*** Dataset excerpts Section Begins ***
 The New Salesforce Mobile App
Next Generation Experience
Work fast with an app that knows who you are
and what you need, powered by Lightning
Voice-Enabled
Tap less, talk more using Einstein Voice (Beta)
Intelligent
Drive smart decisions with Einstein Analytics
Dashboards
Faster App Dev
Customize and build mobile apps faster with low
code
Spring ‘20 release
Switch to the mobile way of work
*** Dataset excerpts Section Ends ***
*** Dataset excerpts Section Begins ***
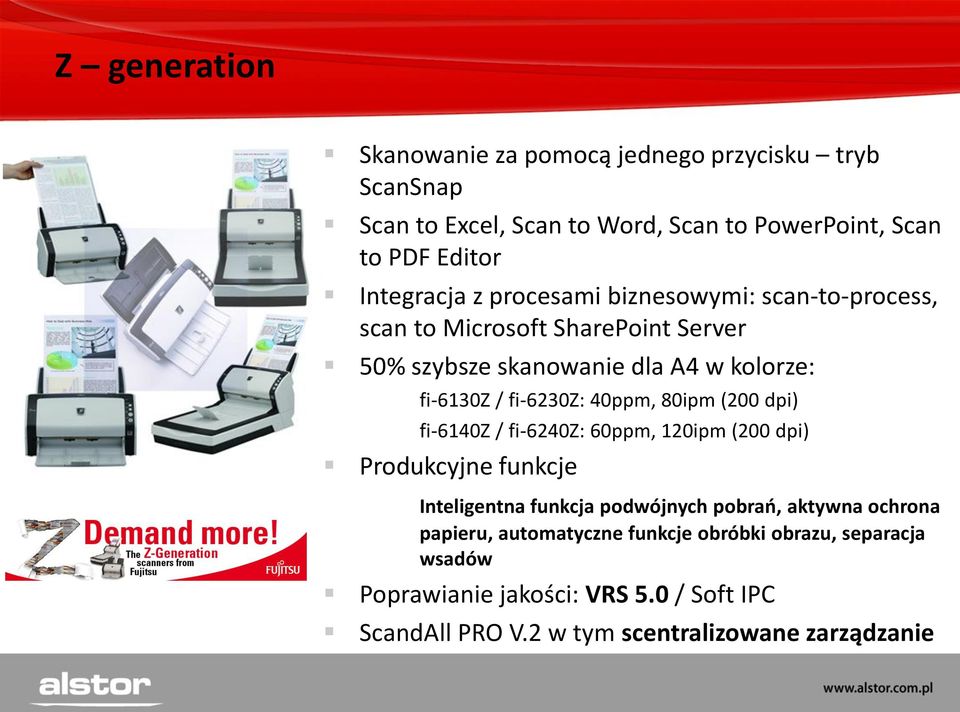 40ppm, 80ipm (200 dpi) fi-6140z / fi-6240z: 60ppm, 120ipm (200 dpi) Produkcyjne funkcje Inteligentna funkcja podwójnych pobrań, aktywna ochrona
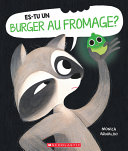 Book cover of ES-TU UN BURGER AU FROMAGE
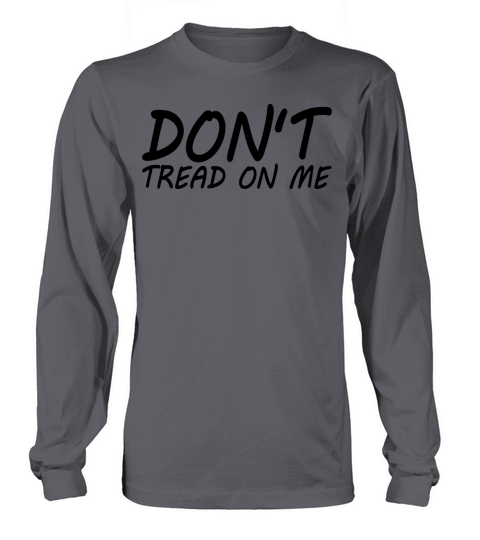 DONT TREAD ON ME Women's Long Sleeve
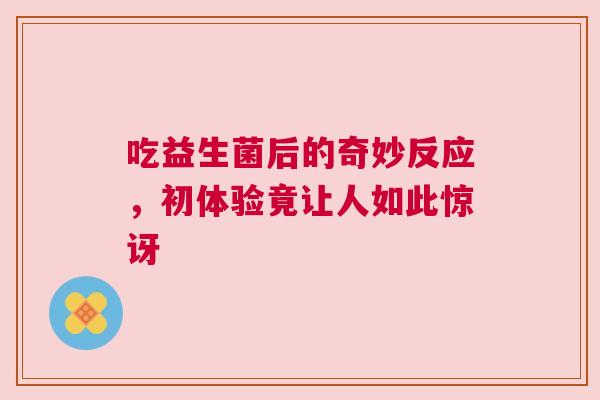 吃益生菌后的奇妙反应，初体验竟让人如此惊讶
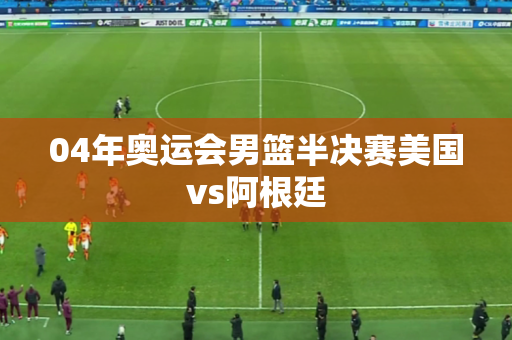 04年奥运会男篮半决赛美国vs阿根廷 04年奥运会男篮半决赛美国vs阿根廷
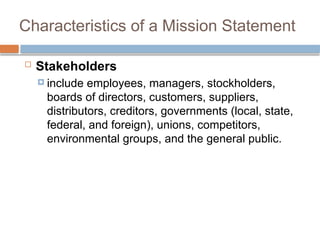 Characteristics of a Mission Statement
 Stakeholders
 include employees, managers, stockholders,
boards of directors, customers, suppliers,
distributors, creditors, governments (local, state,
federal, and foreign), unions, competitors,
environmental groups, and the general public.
*** Dataset excerpts Section Ends ***
■ Activity ■
Extract the lines of the preceding material that run from the line with "The New Salesforce Mobile App" through the line with "Switch to the mobile way of work", inclusive, reproducing them exactly and adding nothing.

■ Solution ■
 The New Salesforce Mobile App
Next Generation Experience
Work fast with an app that knows who you are
and what you need, powered by Lightning
Voice-Enabled
Tap less, talk more using Einstein Voice (Beta)
Intelligent
Drive smart decisions with Einstein Analytics
Dashboards
Faster App Dev
Customize and build mobile apps faster with low
code
Spring ‘20 release
Switch to the mobile way of work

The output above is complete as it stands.